- What to work on
Reproduce exactly the lines of this material that begin at the line with "Monogramm Rosa Boho" and end at the line with "Annie Glass Ruffle Oval Platter- Gold", both included. Omit the pictures and everything else.
*** Begin section ***
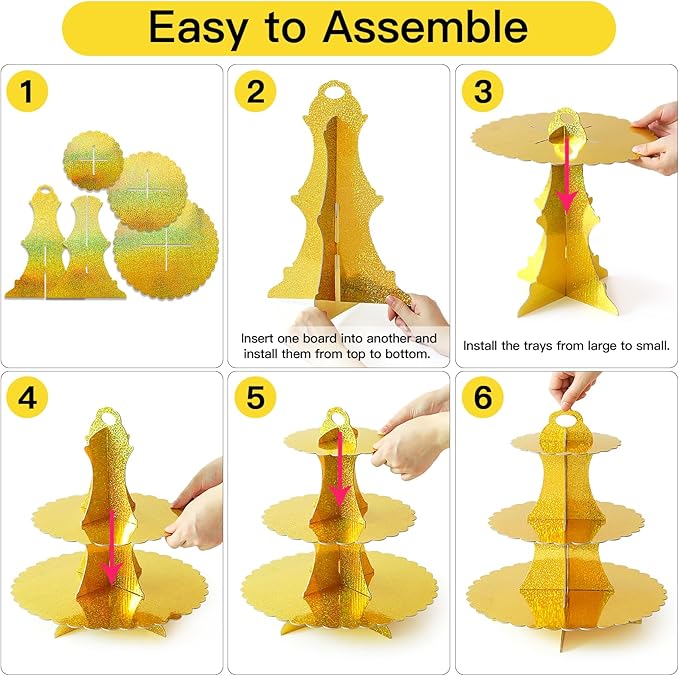 Soleebee 3-Tier Cupcake Stand, Cardboard Cupcake Tower, Dessert Cup Cake Stand Tower for Birthday Wedding Party Decoration, Cupcake Tier Stand 1 Set (Glitter Gold)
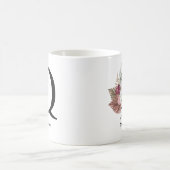 Monogramm Rosa Boho Mädchenhaft Florales Initial Q Kaffeetasse (Mittel)
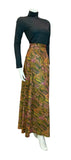 VTG 60S 70S BROWN ORANGE PINK ABSTRACT TREE PRINT MAXI SKIRT SIZE 10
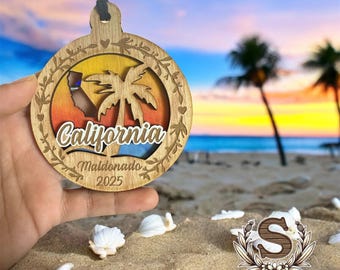 Hand-Painted California Ornament: Sunset Ocean Scene Wooden Souvenir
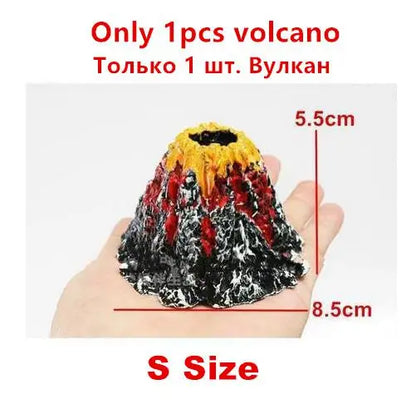 Aquarium Volcano Stone Bubble Decoration with LED Light  Eruption Ornament for Fish Tanks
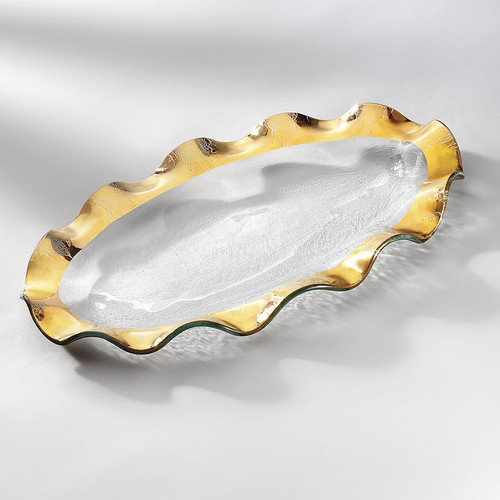 Annie Glass Ruffle Oval Platter- Gold 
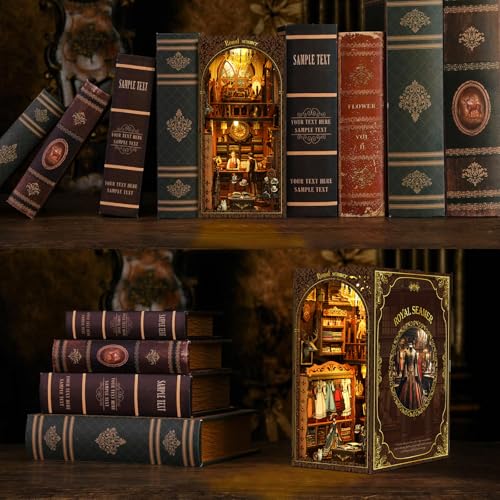 Book Nook Kit - DIY Miniature Dolls House Kit with Furniture and LED Light, 3D Puzzle Wooden Art Bookends, Model Kits for Adults and Teens (Royal Tailor Shop)
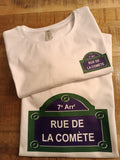 T-shirt blanc  "nom de rue" A PERSONNALISER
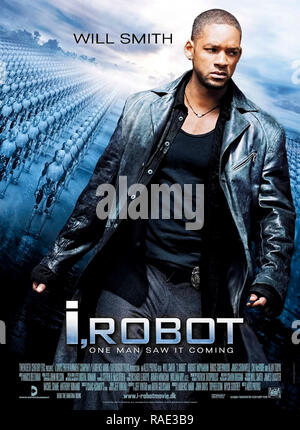 2004 US poster for ‘I, Robot’ featuring Will Smith as a technophobic detective sharing some details from the eponymous collection of short stories by Isaac Asimov. Stock Photo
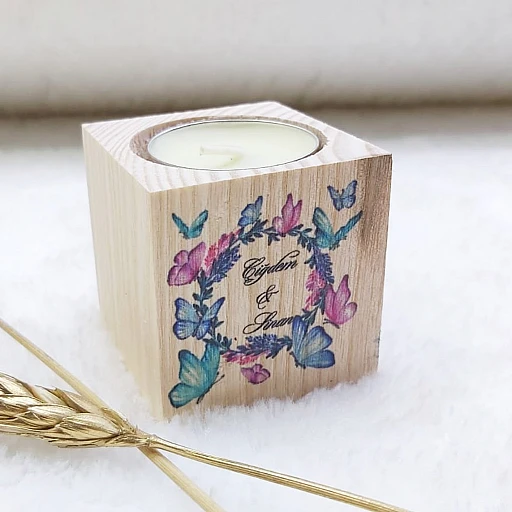 Ahşap Mumluk Bebek Şekeri Kelebek Uv Baskılı Kalp Desen 5x5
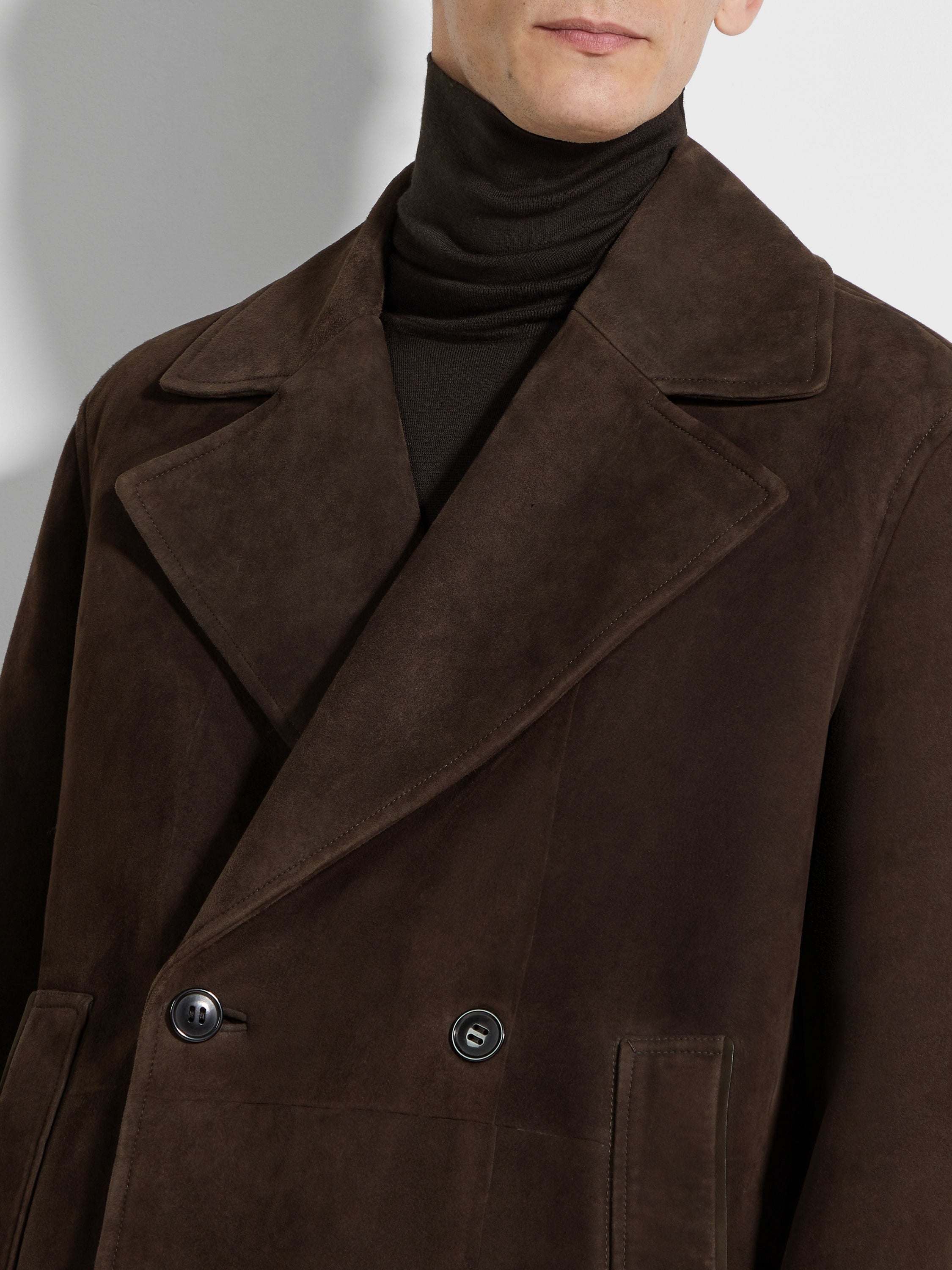 SHEARLING WOOL PEACOAT - 3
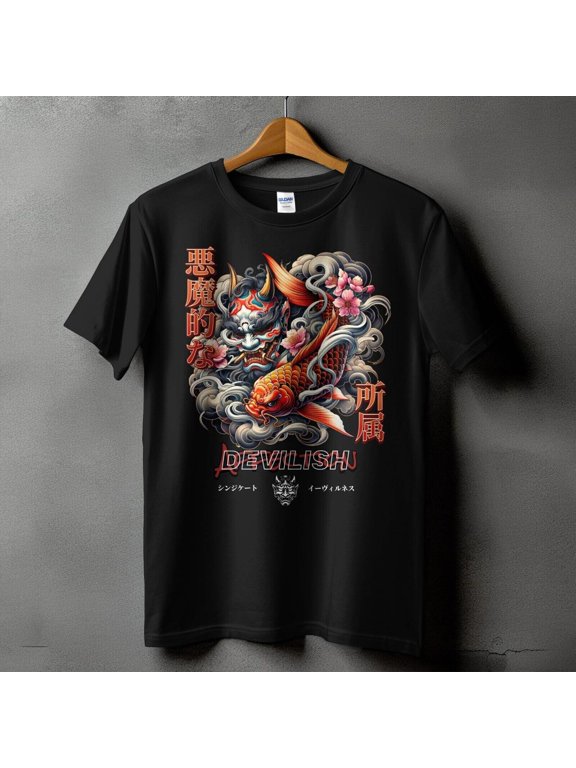 Japanese Oni Mask T-Shirt, Koi Fish Art Shirt, Hannya Tattoo Design Tee, Traditi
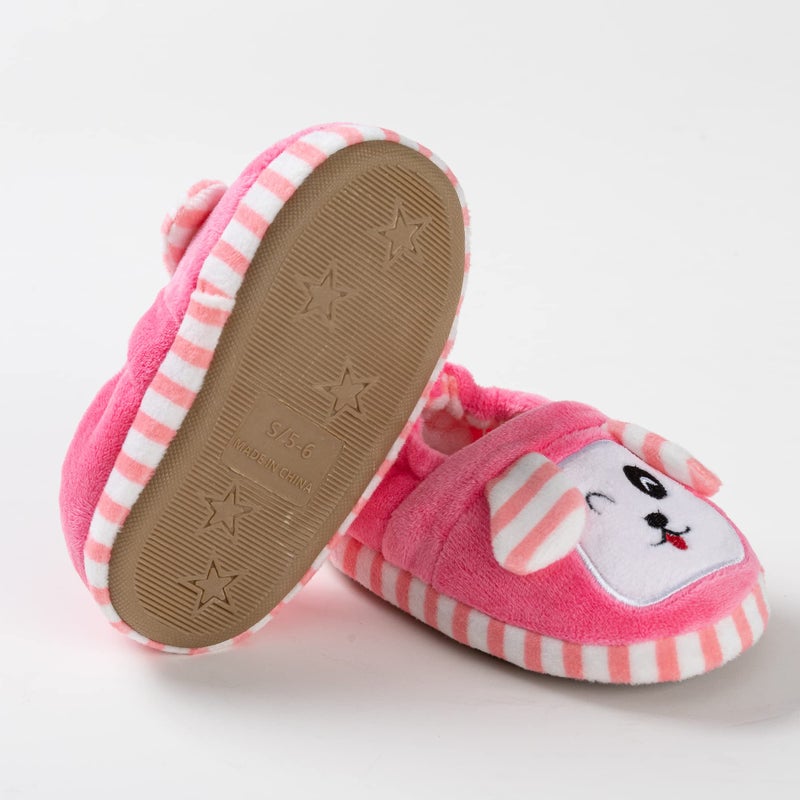 Csfry Toddler Girls' Doggy House Slippers Cartoon Warm Home Shoes Pink 5-6 Toddler - Image 4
*** End section ***
- Result of this exercise
 Monogramm Rosa Boho Mädchenhaft Florales Initial Q Kaffeetasse (Mittel)
 VTG 60S 70S BROWN ORANGE PINK ABSTRACT TREE PRINT MAXI SKIRT SIZE 10
 Hand-Painted California Ornament: Sunset Ocean Scene Wooden Souvenir
 Aquarium Volcano Stone Bubble Decoration with LED Light  Eruption Ornament for Fish Tanks
 Annie Glass Ruffle Oval Platter- Gold 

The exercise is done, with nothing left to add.